Les choix de la France face à l’horizon budgétaire de 2013 se réduisent à deux alternatives:ou promouvoir une augmentation du budget communautaire qui permette à l’UE de mieux répondre aux défis identifiés par l’agenda UE 2020 ou bien se cantonner à une défense de ses intérêts nationaux, souvent identifiés avec la PAC. Le choix entre ces deux solutions risque de mettre la France face à des choix difficiles et contradictoires par rapport à ses traditions.


Une première option consisterait à accroître le budget communautaire jusqu’au plafond de 1,23 % du Produit intérieur brut de l’UE (aujourd’hui on en est autour de 1%). C’est l’option défendue par plusieurs laboratoires d’idées et d' experts de l’Europe français, comme la Fondation Robert Schuman ou l’eurodéputé Alain Lamassoure. Ceci devrait essentiellement permettre d’accroître les dépenses de cohésion et de recherche tout en garantissant l'avenir de la Politique agricole commune (PAC). Cette position va tout à fait dans le sens des intérêts hexagonaux. Du côté des recettes, cette stratégie demande un plus grand effort de la part des contributeurs nets, dont la France elle-même, et l’inévitable mise à contribution du Royaume-Uni en fonction de ses capacités économiques, c'est-à-dire, la fin du rabais. L’Espagne, l’Italie et la Roumanie attendent de la France qu'elle joue un rôle de catalyseur au sein d’une coalition pour le « gros budget » et la fin du chèque britannique.

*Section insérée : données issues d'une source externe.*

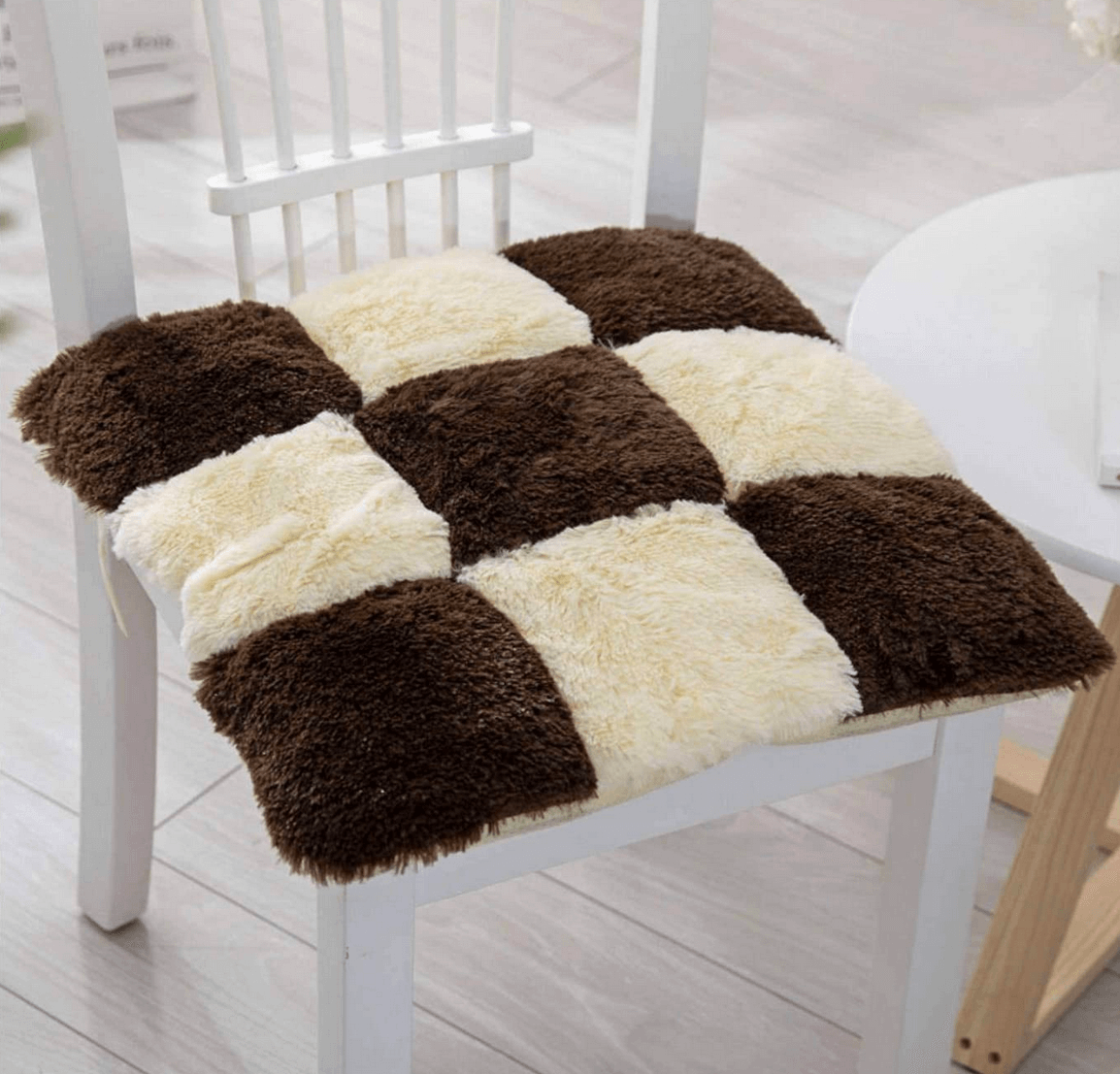 A wooden kitchen table chair with a brown and cream checker-patterned seat.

Nicolas-Jean Brehon (voir ci-dessous) a probablement raison quand il dit que l’opinion publique sera, peut-être pour la première fois, un facteur décisif dans le déroulement des négociations budgétaires. Pourtant, nous avons du mal à partager son point de vue quand il écrit qu’il « existe une incontestable pression publique en faveur d’une augmentation du budget européen ». Une coalition de la France avec tous ces pays suspects de « laxisme budgétaire » risque de s’estomper devant le refus des opinions publiques britannique, néerlandaise ou allemande pour que l’UE arrête de se « sucrer » sur leurs pays. Le soutien de la Süddeutsche Zeitung à la fermeté d’Angela Merkel face à la crise grecque montre que nous n’exagérons point. D’autant plus que si nous ne connaissons pas encore le contexte politique de la France en 2013, nous pouvons aisément prévoir la conjoncture économique de l’Europe : une course à l’austérité entre ménages, entreprises et Etats occupés à se désendetter et une stagnation générale de la situation économique et de l’emploi. La PAC, mise à mal dans l’espace public, risque de devenir une des victimes propitiatoires de ces „Zahlmeister“ou comptables en chef de l’UE que sont ces pays bien sérieux du Nord…

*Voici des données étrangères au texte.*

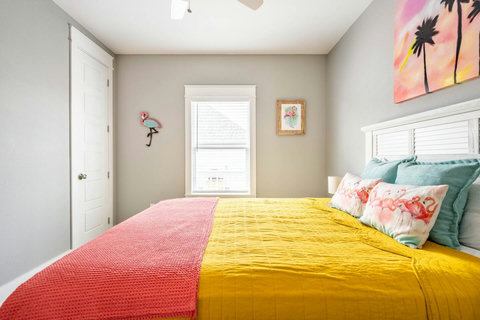 Bedroom with tropical sunset art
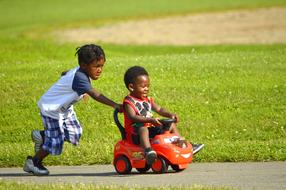 african children ride a toy car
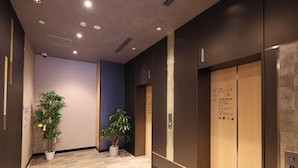 A modern elevator with floor labels and a potted plant in the hallway. - Dormy Inn Komatsu Heihou-no-Yu (Komatsu)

La France va-t-elle pour autant abandonner sa position et laisser disparaître la PAC ? Ceci semble exclu alors que le président Sarkozy s’est déclaré « prêt à une crise en Europe » pour sauver la PAC (cf. http://www.lafranceagricole.fr). Dans un tel scénario, la renationalisation partielle de la PAC pourrait être une solution « rationnelle » dans la droite ligne des réactions européennes face à la crise des dernières années : il incombe à chaque État de faire face à ses propres difficultés. Ceci semble maintenant un casus belli pour la France, où cette hypothèse est un vrai tabou politique. Pourtant, elle pourrait se permettre de payer pour son modèle d’agriculture dans le cadre d’une UE qui se déconstruirait en glissant lentement vers le plus petit dénominateur commun.

Entre la défense risquée de l’intérêt national dans un cadre européen et la solution nationale, quel est le moindre mal ?

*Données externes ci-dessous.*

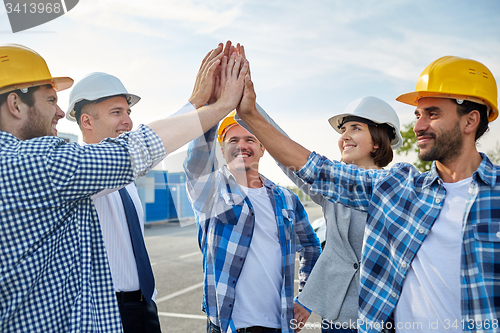 Image of close up of builders in hardhats making high five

Luis Bouza García (Espagne)


POUR ALLER PLUS LOIN


  • Alain Lamassoure propose la création d’un impôt européen pour financer l’UE sur ses ressources propres sans dépendre des États membres. Le moment est-il venu pour imposer des obligations en contrepartie des droits offerts par la citoyenneté européenne ?
    Alain Lamassoure, « Vers un impôt européen ? L’Europe en quête d’un vrai budget. » in L’état de l’Union 2010. Rapport Schuman sur l’Europe, Fondation Robert Schuman : Paris 2010.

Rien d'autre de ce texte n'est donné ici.